Le secret messianique
Le secret messianique
Cela expliquait pourquoi Jés6s avait obstinément refusé toute publicité au long de sa vie ; c’est ce qu’on appelle parfois le « secret messianique ». Pour le dire autrement, Jésus ne tenait pas à ce qu’on dise partout qu’il était le Messie ; et ce secret, il est clair qu’il a voulu le garder jusqu’au bout : ce n’est qu’au moment même de la Passion qu’il s’est laissé reconnaître ; au grand prêtre qui l’interrogeait : « Es-tu le Messie, le fils du Dieu béni ?» Il a répondu tout simplement « Je le suis » et il a ajouté : « Et vous verrez le fils de l’homme siégeant à la droite du Tout- Puissant et venant avec les nuées du ciel » (Marc 14, 61-62).

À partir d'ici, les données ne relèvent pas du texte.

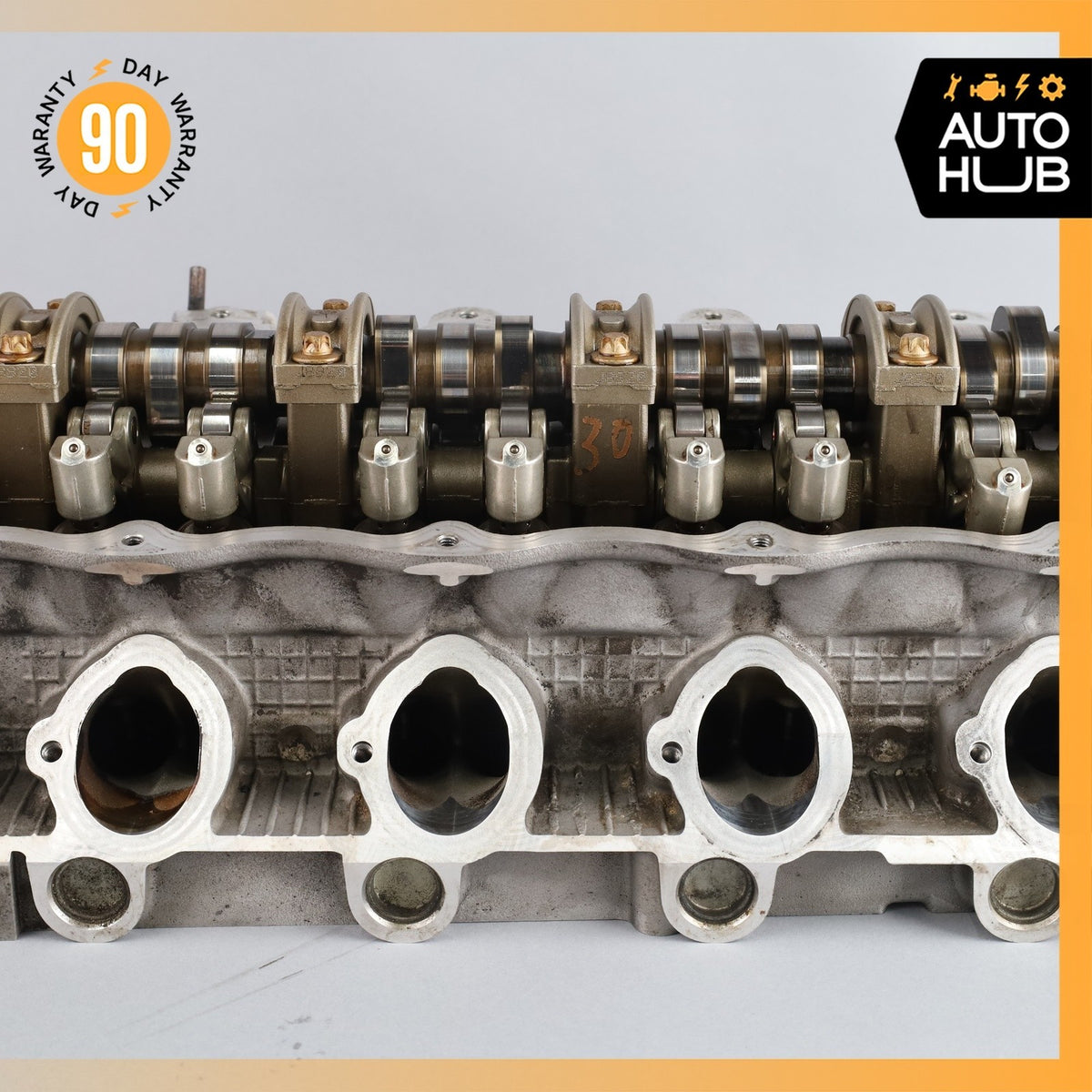 03-14 Mercedes W221 S600 CL600 Engine Motor Right Cylinder Head 2750160501 OEM - photo 9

Mais pourquoi cette réserve ? S’il était le Messie, c’était une bonne nouvelle, pourquoi donc nous la cacher ? En fait, Jésus lui-même savait trop bien que ses contemporains se trompaient d’attente en quelque sorte ; c’est probablement pour cela qu’il leur interdisait résolument de dire à qui que ce soit qu’il était le Messie ; on avait encore trop d’idées toutes faites sur ce qu’il doit être, on n’était pas prêt à l’accueillir tel qu’il est, tel que Dieu l’a prévu et offert au monde. C’est bien pourquoi, en descendant de la montagne de la Transfiguration, il a ordonné le silence à ses apôtres « jusqu’à ce que le fils de l’homme ressuscite d’entre les morts » (Marc 9, 9). Il fallait bien avoir vécu et médité la passion, la mort et la Résurrection de Jésus pour reconnaître en lui le Christ, le Messie attendu.

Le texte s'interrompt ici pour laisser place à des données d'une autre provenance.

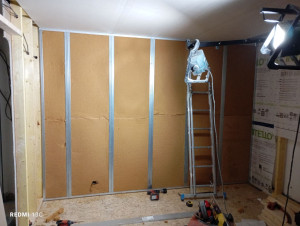 Photo de galerie - Isolation fibre de bois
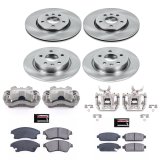 Power Stop 13-16 Chevrolet Sonic Front & Rear Autospecialty Brake Kit w/Calipers (1x psbKCOE5550, 1x psbKCOE5544A) thumbnail 2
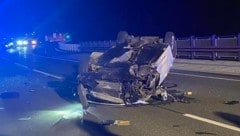 Zu einem Verkehrsunfall kam es in der Nacht auf Samstag in Taxenbach.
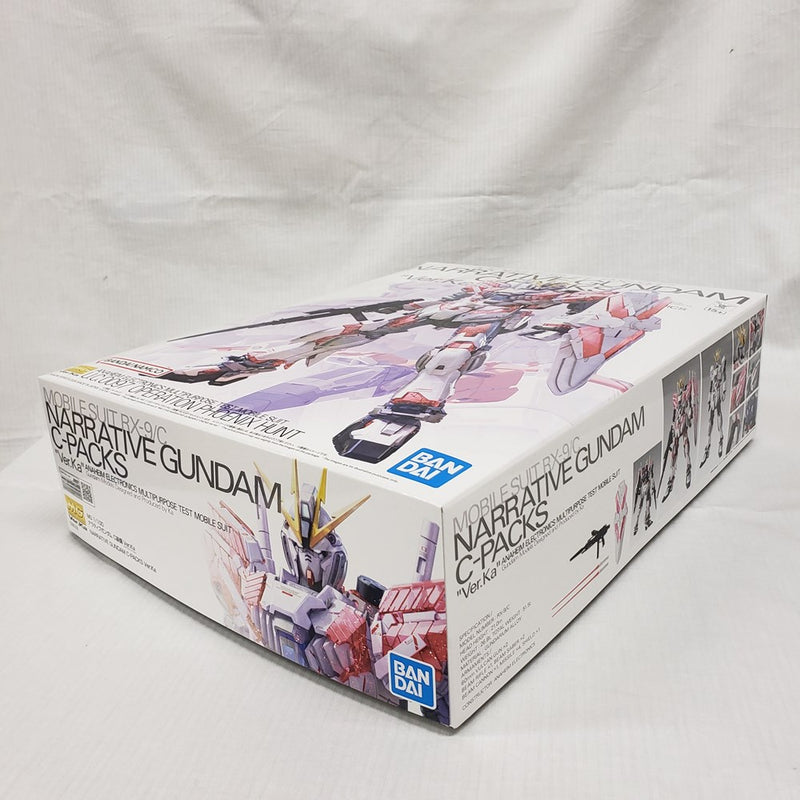 【中古】【未組立】 MG RX-9/C ナラティブガンダム C装備 Ver.Ka 「機動戦士ガンダムNT」 [5066308]＜プラモデル＞（代引き不可）6561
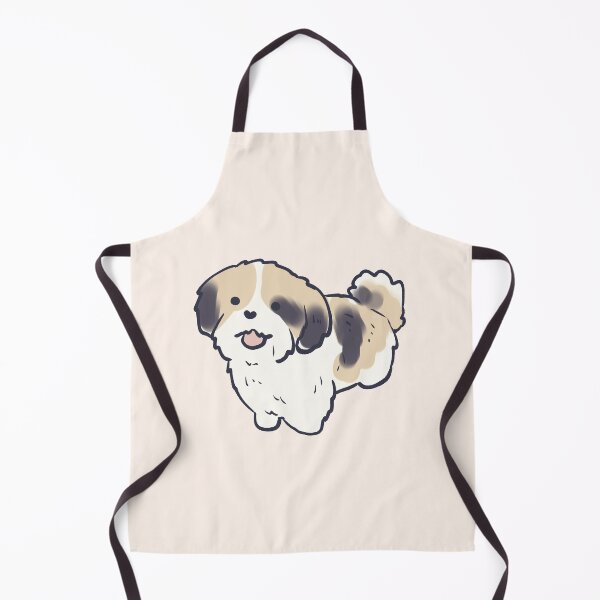 Item preview, shih tzu dog cute designed and sold by Mayarart.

Si Jésus a pu obtenir le silence de ses apôtres jusqu’à sa Résurrection, plus rien n’a pu les faire taire à partir du moment où les écailles sont tombées de leurs yeux, comme disait Paul. Alors la joie déferlait sur eux : les évangiles sont irradiés de la lumière de Pâques. Les auteurs du Nouveau Testament ont donc relu tous les événements de la vie de celui qu’ils appelaient désormais Jésus-Christ, c’est-à-dire Jésus- Messie ; ils ont repris toutes ses paroles et quand ils nous les rapportent « pour que nous puissions vérifier la validité des enseignements que nous avons reçus » (comme dit Luc au début de son évangile), ils nous transmettent ce qui est désormais leur certitude profonde : Jésus est bien le Messie qu’on attendait, mais tellement différent de celui qu’on attendait !

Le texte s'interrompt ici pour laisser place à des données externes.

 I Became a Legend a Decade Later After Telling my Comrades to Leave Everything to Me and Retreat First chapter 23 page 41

L’accomplissement des Écritures
C’est le sens de cette expression qui revient si souvent sous leur plume : « Ainsi s’accomplit l’Écriture » ou bien encore : « Tout cela arriva pour que s’accomplissent les Écritures. » On peut ici remplacer le mot « Écriture » par « Promesse de Dieu » ou « Projet de Dieu ». Les apôtres de Jésus entrent peu à peu dans ce que Luc appelle « l’intelligence des Écritures », une nouvelle compréhension du projet de Dieu. Si bien que tous les écrits du Nouveau Testament sont émaillés de citations, de rappels, d’images, de thèmes familiers aux lecteurs de l’Ancien Testament.
Tout est nouveau pourtant ! Les apôtres ne cherchent pas à gommer l’étrangeté, au contraire ils l’affirment et cherchent à l’assumer.